• _RECORDS SUPPLIED_:
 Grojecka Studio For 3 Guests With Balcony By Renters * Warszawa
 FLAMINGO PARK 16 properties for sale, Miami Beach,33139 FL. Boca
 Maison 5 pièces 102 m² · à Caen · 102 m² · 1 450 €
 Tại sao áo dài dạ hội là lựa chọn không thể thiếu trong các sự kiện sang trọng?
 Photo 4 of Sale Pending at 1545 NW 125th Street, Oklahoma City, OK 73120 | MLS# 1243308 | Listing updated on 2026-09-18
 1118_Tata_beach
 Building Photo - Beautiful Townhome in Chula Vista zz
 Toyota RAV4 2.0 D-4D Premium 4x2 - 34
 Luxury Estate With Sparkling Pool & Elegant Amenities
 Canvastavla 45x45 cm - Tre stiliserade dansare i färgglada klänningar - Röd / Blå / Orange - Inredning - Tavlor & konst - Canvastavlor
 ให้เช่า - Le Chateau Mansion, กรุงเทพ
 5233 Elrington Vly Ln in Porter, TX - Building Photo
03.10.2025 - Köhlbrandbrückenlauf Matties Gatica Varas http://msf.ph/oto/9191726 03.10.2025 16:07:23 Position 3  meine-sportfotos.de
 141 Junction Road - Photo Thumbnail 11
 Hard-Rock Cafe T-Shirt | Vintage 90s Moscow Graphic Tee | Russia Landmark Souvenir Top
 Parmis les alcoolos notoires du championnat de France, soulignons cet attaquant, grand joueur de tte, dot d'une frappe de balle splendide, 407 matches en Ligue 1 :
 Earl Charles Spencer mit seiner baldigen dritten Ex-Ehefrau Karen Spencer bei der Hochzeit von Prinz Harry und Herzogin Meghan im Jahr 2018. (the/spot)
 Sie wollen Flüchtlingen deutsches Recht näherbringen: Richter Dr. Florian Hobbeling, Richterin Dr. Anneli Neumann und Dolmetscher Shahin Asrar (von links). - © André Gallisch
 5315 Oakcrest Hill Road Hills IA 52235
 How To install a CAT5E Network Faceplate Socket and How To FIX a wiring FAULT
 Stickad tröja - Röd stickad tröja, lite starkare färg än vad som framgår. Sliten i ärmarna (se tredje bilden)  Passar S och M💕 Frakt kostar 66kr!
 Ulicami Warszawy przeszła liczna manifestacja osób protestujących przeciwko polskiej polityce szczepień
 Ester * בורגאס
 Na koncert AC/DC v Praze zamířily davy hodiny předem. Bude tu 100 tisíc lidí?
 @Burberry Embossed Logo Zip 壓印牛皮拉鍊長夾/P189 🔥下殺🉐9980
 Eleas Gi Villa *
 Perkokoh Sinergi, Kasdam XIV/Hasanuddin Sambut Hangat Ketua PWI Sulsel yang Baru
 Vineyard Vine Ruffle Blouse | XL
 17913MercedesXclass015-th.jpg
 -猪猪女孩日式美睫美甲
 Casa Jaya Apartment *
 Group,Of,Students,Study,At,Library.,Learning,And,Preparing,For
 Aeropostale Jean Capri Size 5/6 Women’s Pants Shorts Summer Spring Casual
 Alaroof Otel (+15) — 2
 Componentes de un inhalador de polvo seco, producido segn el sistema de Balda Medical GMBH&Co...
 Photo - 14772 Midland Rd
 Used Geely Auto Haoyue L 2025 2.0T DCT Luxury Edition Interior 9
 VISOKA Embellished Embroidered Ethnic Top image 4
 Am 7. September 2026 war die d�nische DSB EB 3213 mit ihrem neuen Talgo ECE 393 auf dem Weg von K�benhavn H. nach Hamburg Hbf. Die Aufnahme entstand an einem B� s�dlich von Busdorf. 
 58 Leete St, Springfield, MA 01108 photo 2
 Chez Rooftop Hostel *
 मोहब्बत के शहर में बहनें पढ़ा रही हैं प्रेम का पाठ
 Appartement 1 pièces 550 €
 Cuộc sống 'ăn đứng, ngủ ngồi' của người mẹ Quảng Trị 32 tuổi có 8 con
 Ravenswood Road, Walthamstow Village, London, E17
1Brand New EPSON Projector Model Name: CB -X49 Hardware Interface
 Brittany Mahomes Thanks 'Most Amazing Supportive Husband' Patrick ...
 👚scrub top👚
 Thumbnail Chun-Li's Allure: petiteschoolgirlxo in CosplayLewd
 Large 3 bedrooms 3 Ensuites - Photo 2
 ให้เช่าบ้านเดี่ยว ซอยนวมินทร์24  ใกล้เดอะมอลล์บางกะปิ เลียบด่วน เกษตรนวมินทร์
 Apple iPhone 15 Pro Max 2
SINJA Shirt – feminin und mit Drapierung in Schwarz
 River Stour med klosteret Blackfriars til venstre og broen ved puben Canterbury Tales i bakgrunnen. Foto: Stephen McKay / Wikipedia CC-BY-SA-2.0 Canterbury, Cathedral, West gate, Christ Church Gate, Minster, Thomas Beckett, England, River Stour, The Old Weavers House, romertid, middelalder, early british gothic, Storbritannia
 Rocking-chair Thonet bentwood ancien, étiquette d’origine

• _WHAT YOU ARE ASKED TO DO_:
Using the listing above, copy exactly the line that contains "17913MercedesXclass015-th.jpg", the line that contains "SINJA Shirt –", and each line that falls between them.

• _RESPONSE TO THIS EXERCISE_:
 17913MercedesXclass015-th.jpg
 -猪猪女孩日式美睫美甲
 Casa Jaya Apartment *
 Group,Of,Students,Study,At,Library.,Learning,And,Preparing,For
 Aeropostale Jean Capri Size 5/6 Women’s Pants Shorts Summer Spring Casual
 Alaroof Otel (+15) — 2
 Componentes de un inhalador de polvo seco, producido segn el sistema de Balda Medical GMBH&Co...
 Photo - 14772 Midland Rd
 Used Geely Auto Haoyue L 2025 2.0T DCT Luxury Edition Interior 9
 VISOKA Embellished Embroidered Ethnic Top image 4
 Am 7. September 2026 war die d�nische DSB EB 3213 mit ihrem neuen Talgo ECE 393 auf dem Weg von K�benhavn H. nach Hamburg Hbf. Die Aufnahme entstand an einem B� s�dlich von Busdorf. 
 58 Leete St, Springfield, MA 01108 photo 2
 Chez Rooftop Hostel *
 मोहब्बत के शहर में बहनें पढ़ा रही हैं प्रेम का पाठ
 Appartement 1 pièces 550 €
 Cuộc sống 'ăn đứng, ngủ ngồi' của người mẹ Quảng Trị 32 tuổi có 8 con
 Ravenswood Road, Walthamstow Village, London, E17
1Brand New EPSON Projector Model Name: CB -X49 Hardware Interface
 Brittany Mahomes Thanks 'Most Amazing Supportive Husband' Patrick ...
 👚scrub top👚
 Thumbnail Chun-Li's Allure: petiteschoolgirlxo in CosplayLewd
 Large 3 bedrooms 3 Ensuites - Photo 2
 ให้เช่าบ้านเดี่ยว ซอยนวมินทร์24  ใกล้เดอะมอลล์บางกะปิ เลียบด่วน เกษตรนวมินทร์
 Apple iPhone 15 Pro Max 2
SINJA Shirt – feminin und mit Drapierung in Schwarz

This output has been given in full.